Google’s Play Store policies require the App developers to exclusively and mandatorily use Google Play’s Billing System (GPBS) not only for receiving payments for Apps (and other digital products like audio, video, games) distributed/sold through the Google Play Store.

GBPS is also required for certain in-app purchases i.e. purchases made by users of Apps after they have downloaded or purchased the App from the Play Store. 

Further, app developers cannot, within an app, provide users with a direct link to a webpage containing an alternative payment method or use language that encourages a user to purchase the digital item outside of the app (anti-steering provisions), according to the CCI assessment. If the app developers do not comply with Google’s policy of using GPBS, they are not permitted to list their apps on the Play Store and thus, would lose out the vast pool of potential customers in the form of Android users.

Making access to the Play Store dependent on mandatory usage of GPBS for paid apps and in-app purchases is one sided and arbitrary and devoid of any legitimate business interest.

With this, the CCI noted, the app developers are left bereft of the inherent choice to use payment processor of their liking from the open market.

The CCI has also examined the allegations of exclusion of rival UPI apps as effective payment options on Play Store.

“It was found that Google Pay has been integrated with intent flow methodology whereas other UPI apps can be used through collect flow methodology,” according to the CCI.

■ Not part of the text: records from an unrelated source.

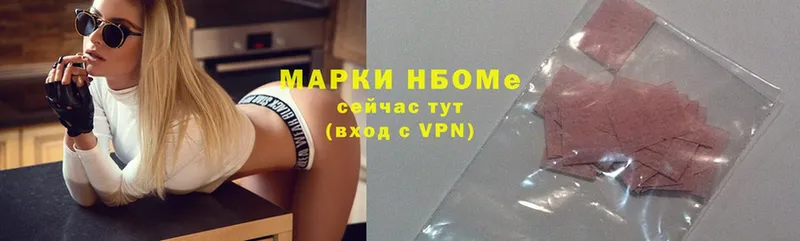 Марки NBOMe 1,8мг  Тула 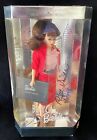 Vintage 1995 Ruth Handler Signed (1995) Repro Busy Gal Barbie-Barbie Movie-NRFB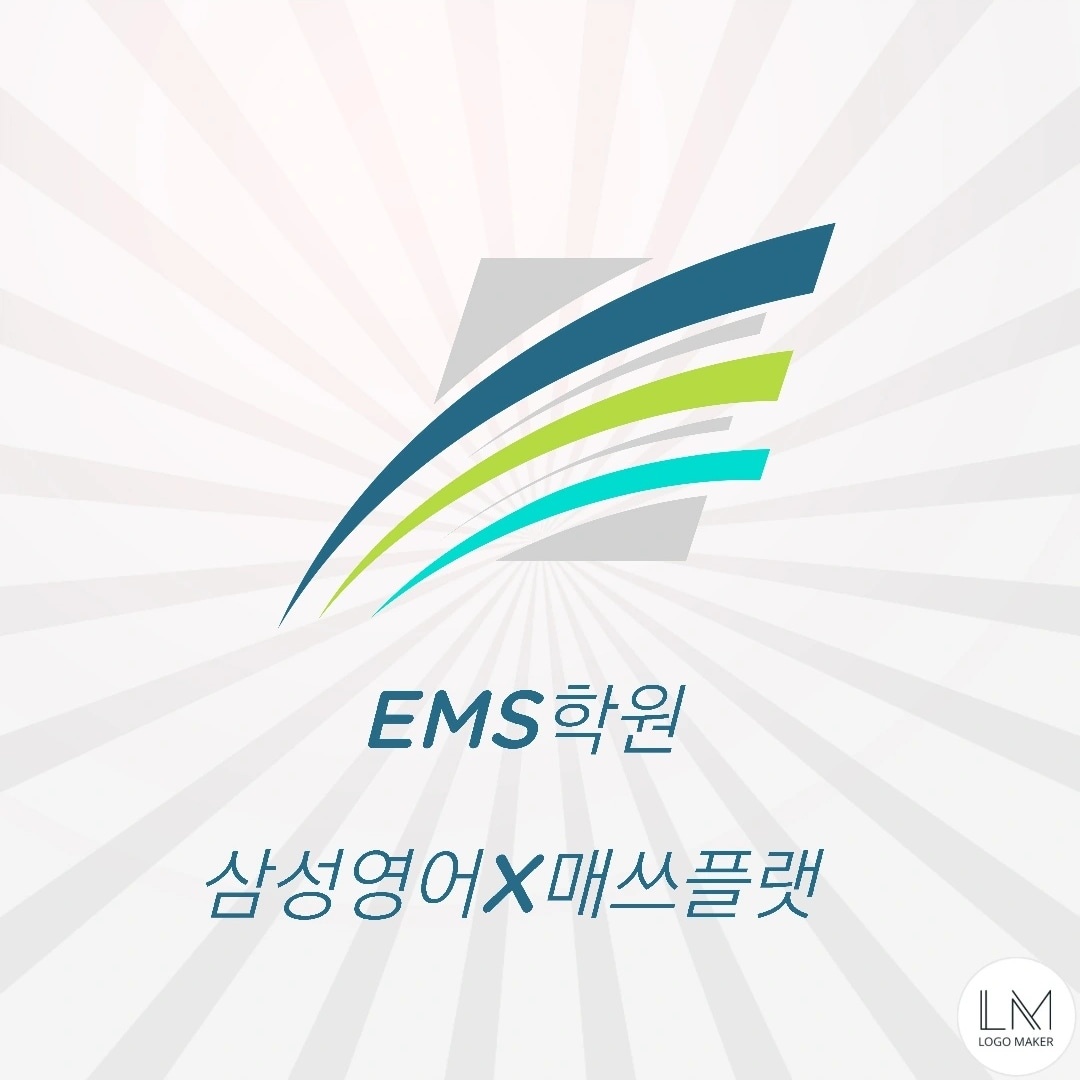 EMS학원의 기업로고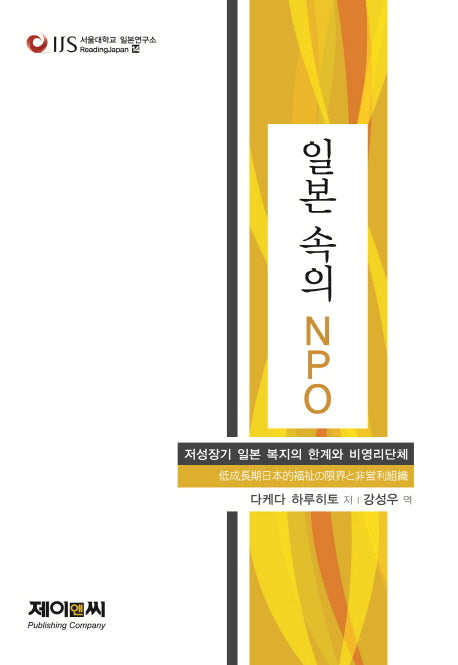 일본 속의 NPO(서울대학교 일본연구소 ReadingJapan 14)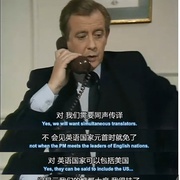 点击查看图片 是,首相 第二季 Yes, Prime Minister Season 2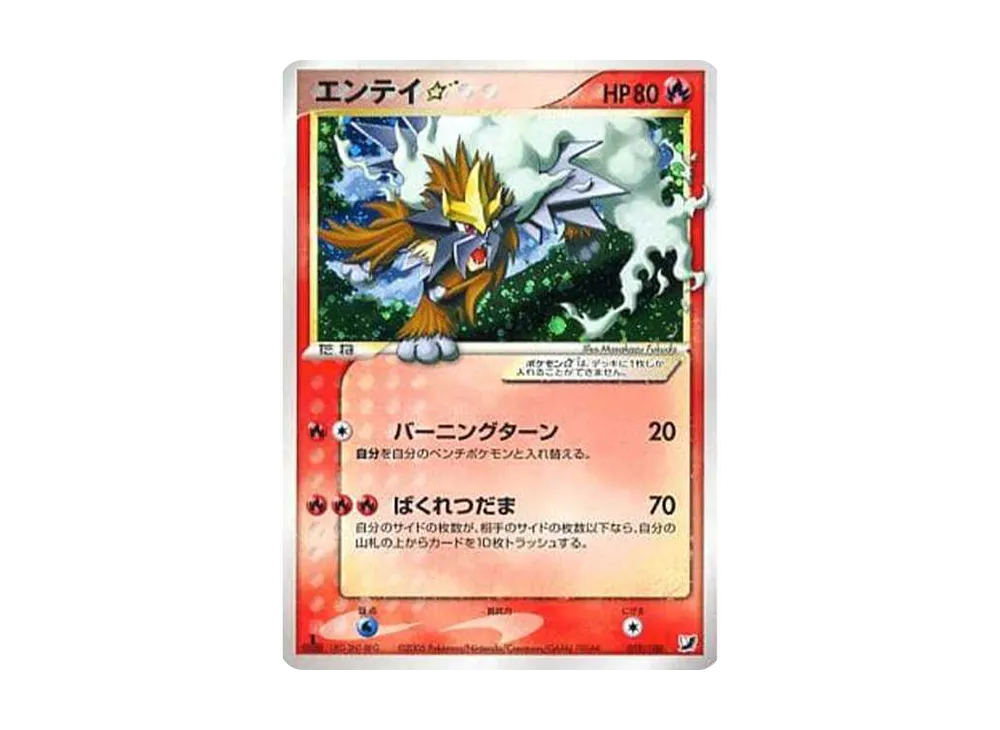ハッサムex ☆ :1ED [PCG4 096/106](拡張パック「金の空、銀の海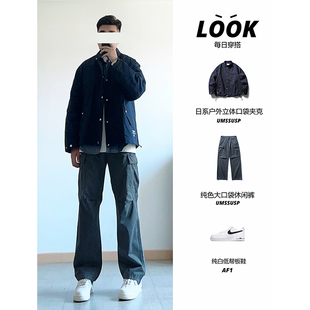 umssusp2024秋季新款日系纯色大口袋休闲裤复古宽松直筒工装裤男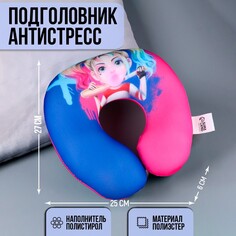 Подушка для путешествий антистресс Mni Mnu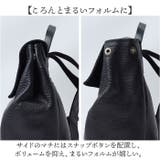 alto. 柔らか牛革のミニリュックサック | BACKYARD FAMILY | 詳細画像10 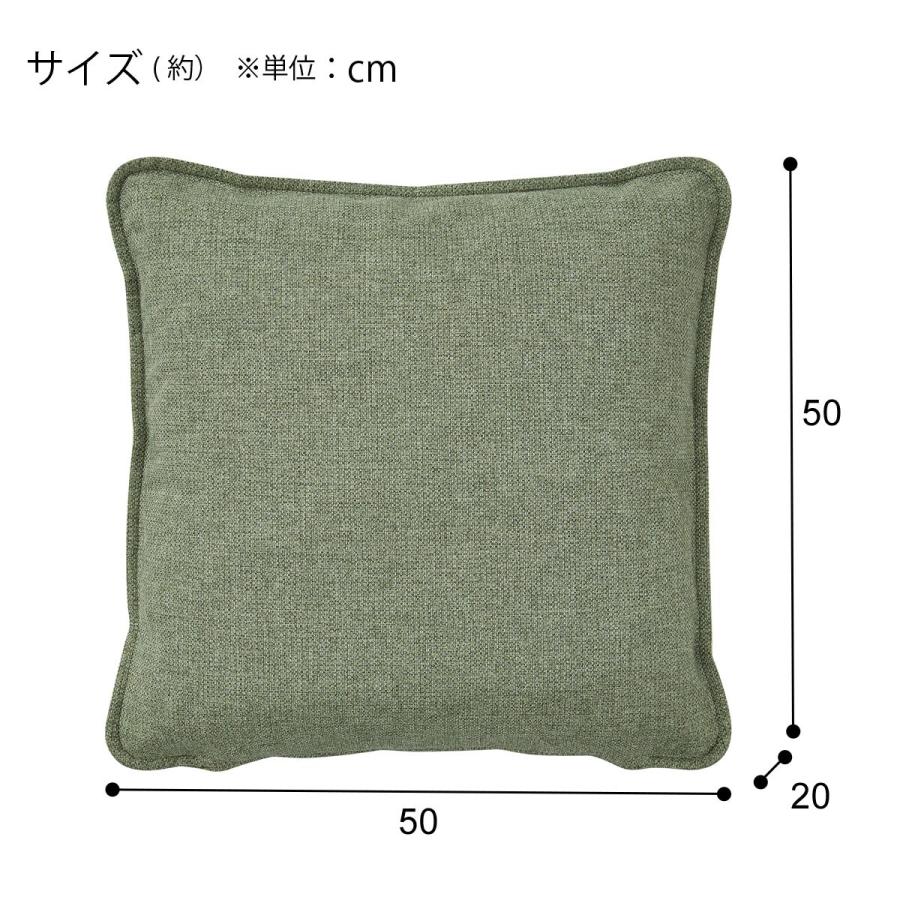 ニトリ（NITORI） フェザークッション(50x50 AQ-YGR/BE) : ニトリ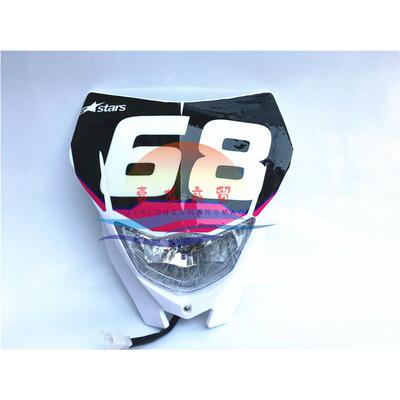 适用海陵M4 M7 MX6T4正林越野摩托车前大灯 X3大灯总成 车灯 照明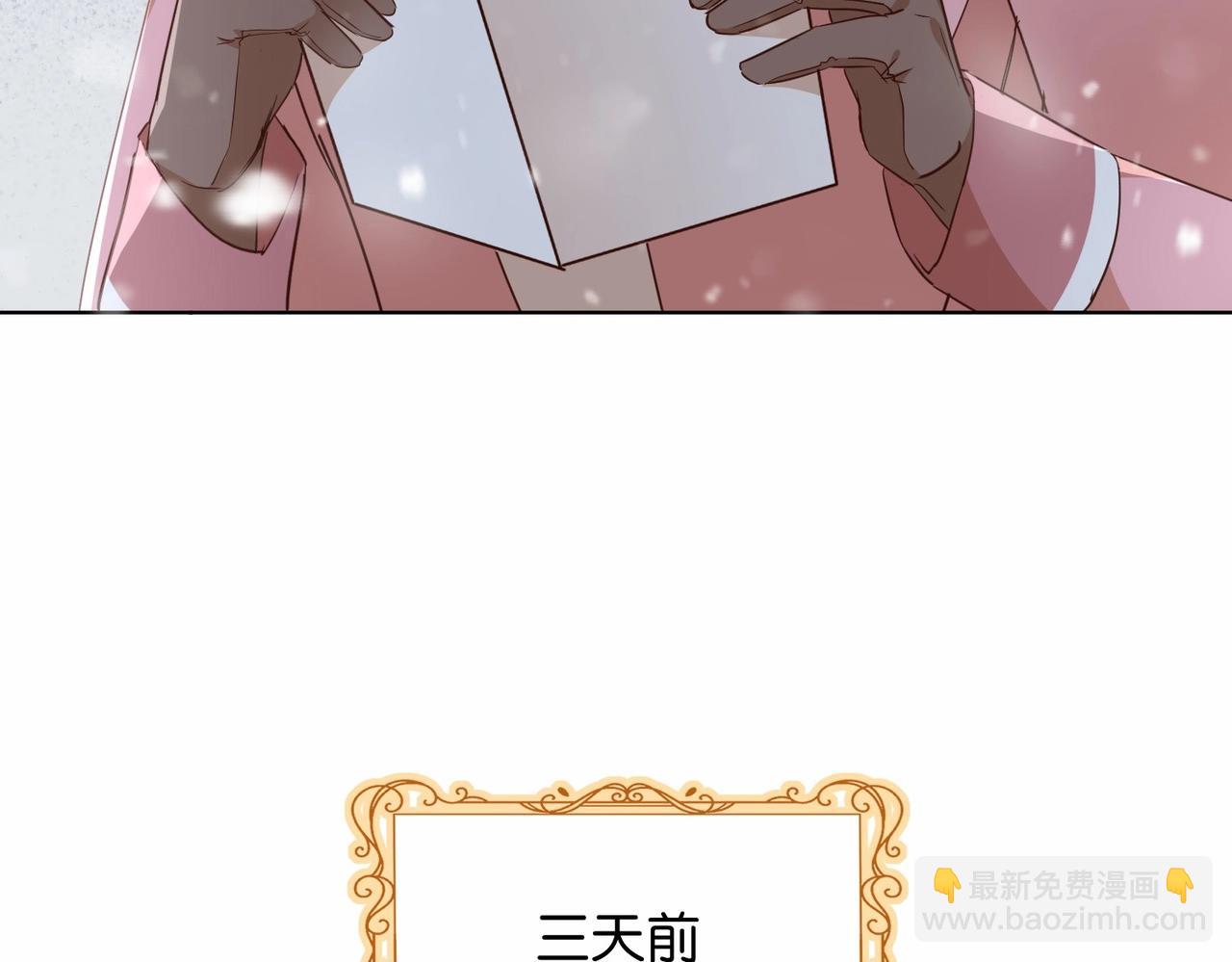 第42话 狠狠打击(1/4)-第44话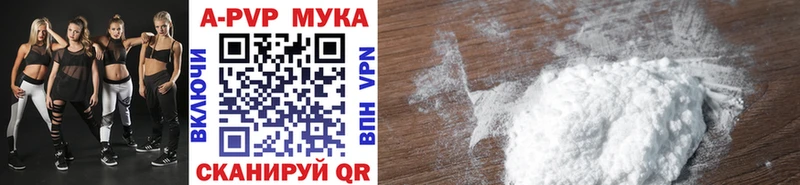 Alfa_PVP Соль  Сокол 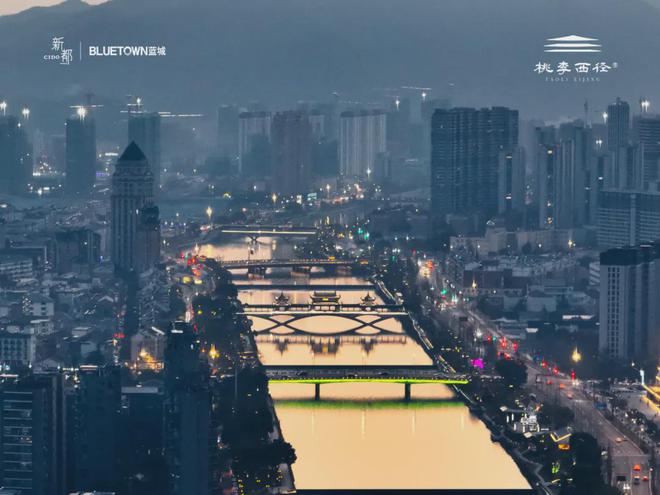 西径里(售楼处)首页网站2024最新房价-户型-容积率-售楼中心电话(图3)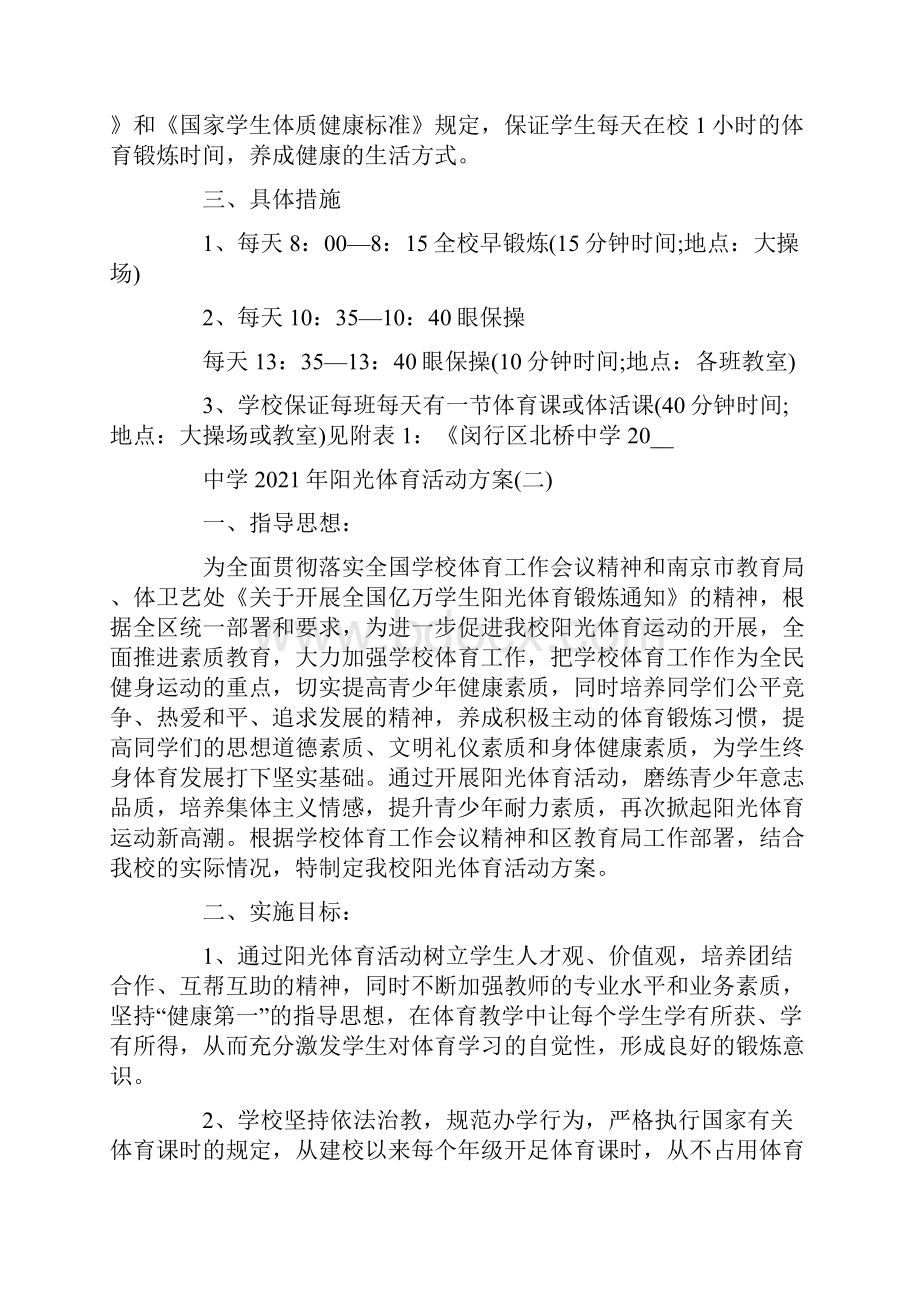 中学阳光体育活动方案.docx_第2页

“It was noted that the intent flow technology is superior and user friendly than collect flow technology, with intent flow offering significant advantages to both customers and merchants and the success rate with the intent flow methodology being higher due to lower latency,” it added.

Google’s Response To CCI

According to the CCI’s statement, Google has informed the Commission that it has recently changed its policy and has allowed rival UPI apps to be integrated with intent flow.